11 février 2009

Policiers genevois : Schlechten-le-pyromane

Walter Schlechten, président du syndicat des gendarmes genevois, allume sur son blog le Conseil d’Etat et la commission des finances. Ceux-là mêmes qui viennent pourtant de faire un pas dans sa direction. Un pas-citoyen de 1,7 millions de francs sous forme de prime. Pour calmer le jeu entre autorités politiques et syndicat.

Même pas assez ! pourrait comprendre à la lecture de son texte incendiaire. Et déjà de pointer un doigt rageur sur deux rapports très attendus pour ces prochaines semaines. L’un a été demandé par le département des Institutions et porte sur le système de rémunération et de comptabilisation des heures de travail de la police genevoise. Il s’agit du rapport Annoni. L’autre a été demandé par la commission des finances au sujet de la gestion et de la rémunération des heures supplémentaires de la police genevoise. C’est la Cour des comptes qui s’en est chargée.

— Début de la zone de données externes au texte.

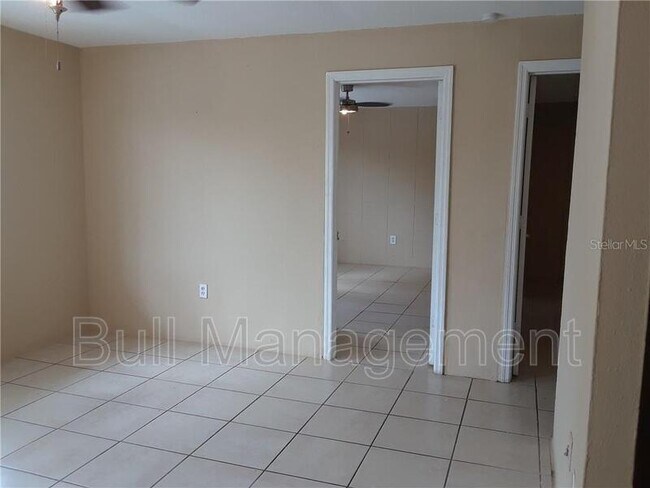 Foto del edificio - 1032 West Jefferson Street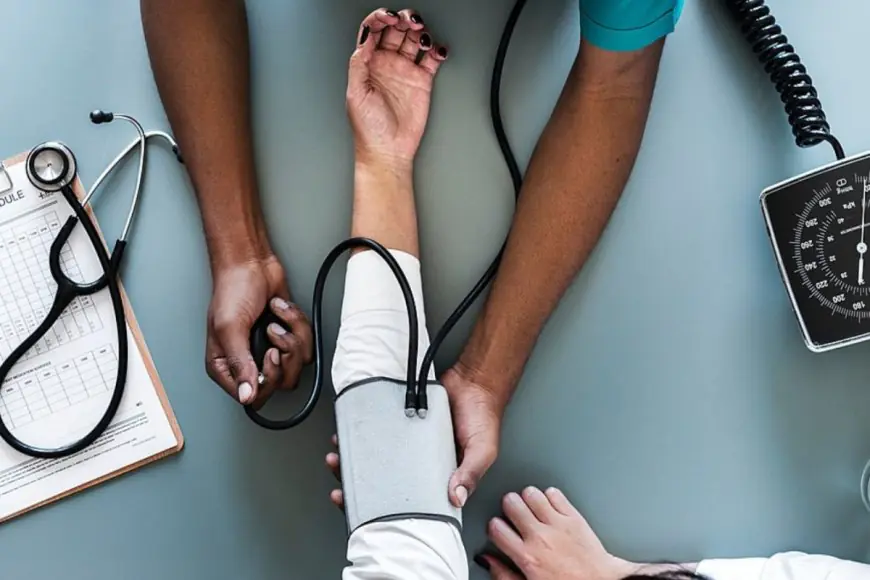 The Urban Healthcare Shift: Why More Households In Metro Cities Prefer At-Home Care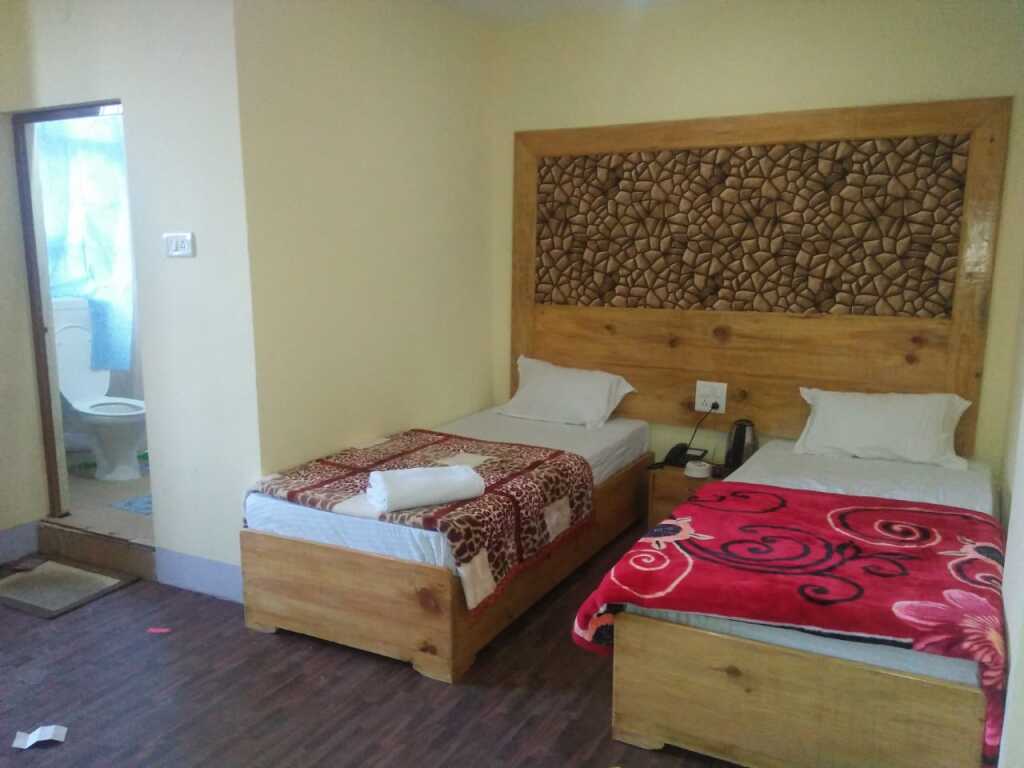 Шиллонг: City Palace Inn Shilong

Si les deux rapports demandés sont jugés défavorables, le patron du syndicat de la police annonce que la police entrera « en guerre » contre le Conseil d’Etat et le Grand Conseil. Pour des fonctionnaires, assermentés, armés, voilà qui dépasse le cadre d’une simple menace.

Alors de deux choses l’une. Soit le numéro 1 du syndicat des gendarmes genevois ne contrôle pas ses propos (ce qui est déjà grave) et il faut qu’il s’excuse rapidement ou alors ce ne sont pas des paroles en l’air et nous ne sommes plus dans un rapport de force comprenant des partenaires sociaux mais devant une bande de révoltés armés.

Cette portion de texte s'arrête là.